More generally (and more seriously), I'm all hepped up on Early Music now and would like more of that. I'd take out out of just about the only places that have a lot to give: the 1700s and 1800s.


----------



## Richard8655 (Feb 19, 2016)

Georg Matthias Monn (1717-1750). His Cello Concerto in G minor is quite good.


----------



## SixFootScowl (Oct 17, 2011)

Can I argue that Beethoven is underappreciated because not everyone in the world loves his music or because some value Mozart more than Beethoven?


----------



## jim prideaux (May 30, 2013)

just as I am discovering the many joys of Mendelssohn's symphonies I find him being carted off to the tip here.....and that is from someone who also finds much wonderment in the works of Myaskovsky and Martinu...........


----------



## Weston (Jul 11, 2008)

This could get like the folks who offer to give up spinach ice cream for Lent. Or in other words, I'll give up more Leopold Mozart for more Enescu, or some such.

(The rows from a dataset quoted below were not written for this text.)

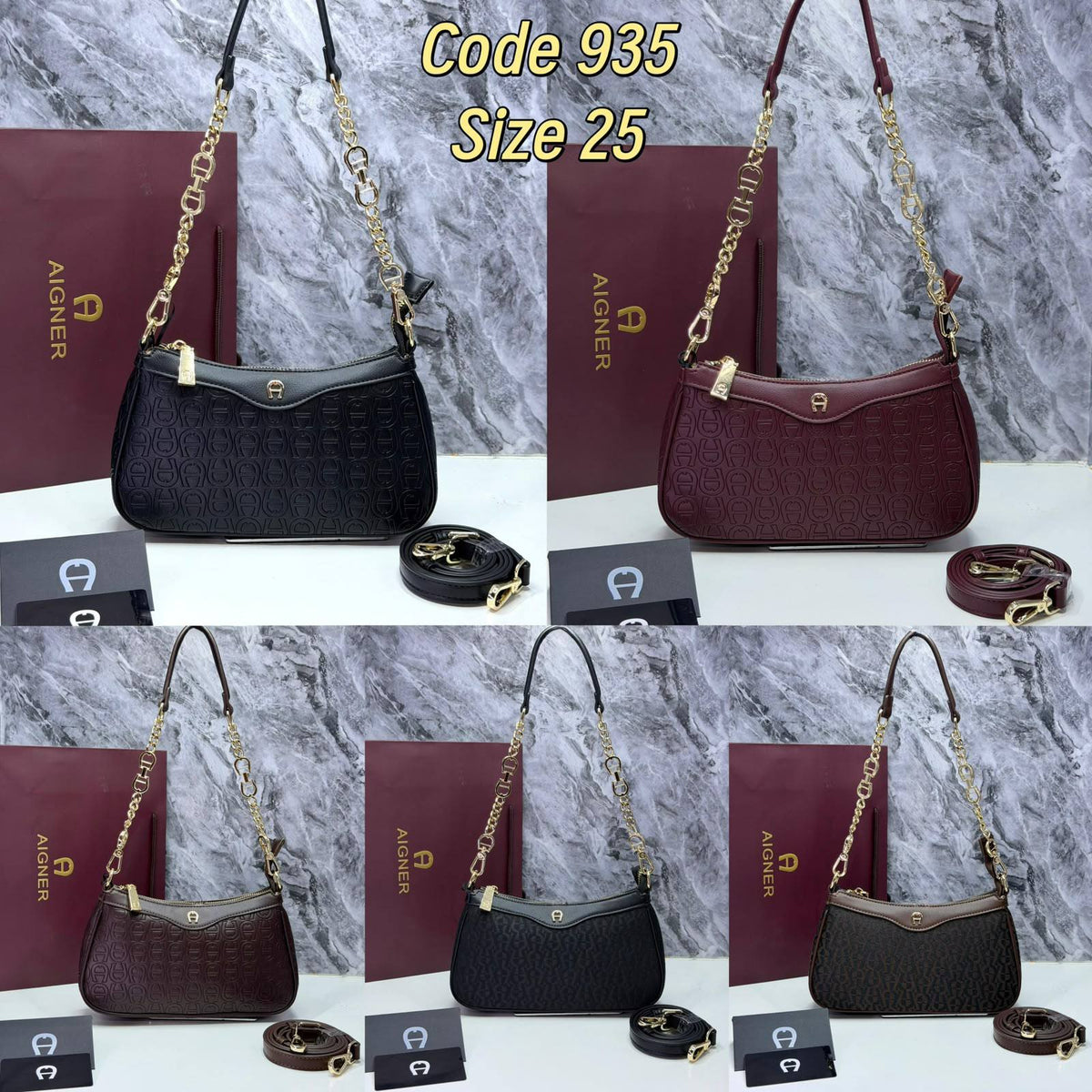 Aigner
New came in
high quality
105 dhs🇦🇪🇦🇪
Zain13
♥️♥️♥️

I'll need to think on a more serious answer and post later.


----------



## sloth (Jul 12, 2013)

clavichorder said:


> Just make your own collection of composers you appreciate. It's not the worst thing in the world to deprive yourself of the very best, to enjoy what is also really very good if it speaks to you personally. You don't need to listen to Alkan with the objective to rank him alongside Chopin or Liszt. It's good music when the space apart is given and it's a good fit for you. It might even mess with your mentality a little to make these composers central to your listening and not in a bad way. As long as you aren't indiscriminate. I don't get deep into obscure composers that don't interest me.
> 
> But according to your method, I'm happy to push a little bit of Shostakovich, Sibelius, Mahler aside(I said a little bit, which doesn't diminish them much) to make room for a lot more Nielsen. A little Martinu and Honegger doesn't hurt Hindemith and Stravinsky too much either. Take out the less interesting Rachmaninoff etudes/preludes and put a Medtner skazki, forgotten melody or others of the best shorter works. And for the love of music, let Busoni have a space all to himself.
> 
> ...


I pretty much suspect that the genius myth started in the 19th century with Romanticism. The big names were put on a pedestal, and the rest forgotten since the focus was mainly on the individual composer and not on music.


----------



## Arsakes (Feb 20, 2012)

Glazunov
Dvorak
Saint Saens
Khachaturian


----------



## DavidA (Dec 14, 2012)

Florestan said:


> Can I argue that Beethoven is underappreciated because not everyone in the world loves his music or because some value Mozart more than Beethoven?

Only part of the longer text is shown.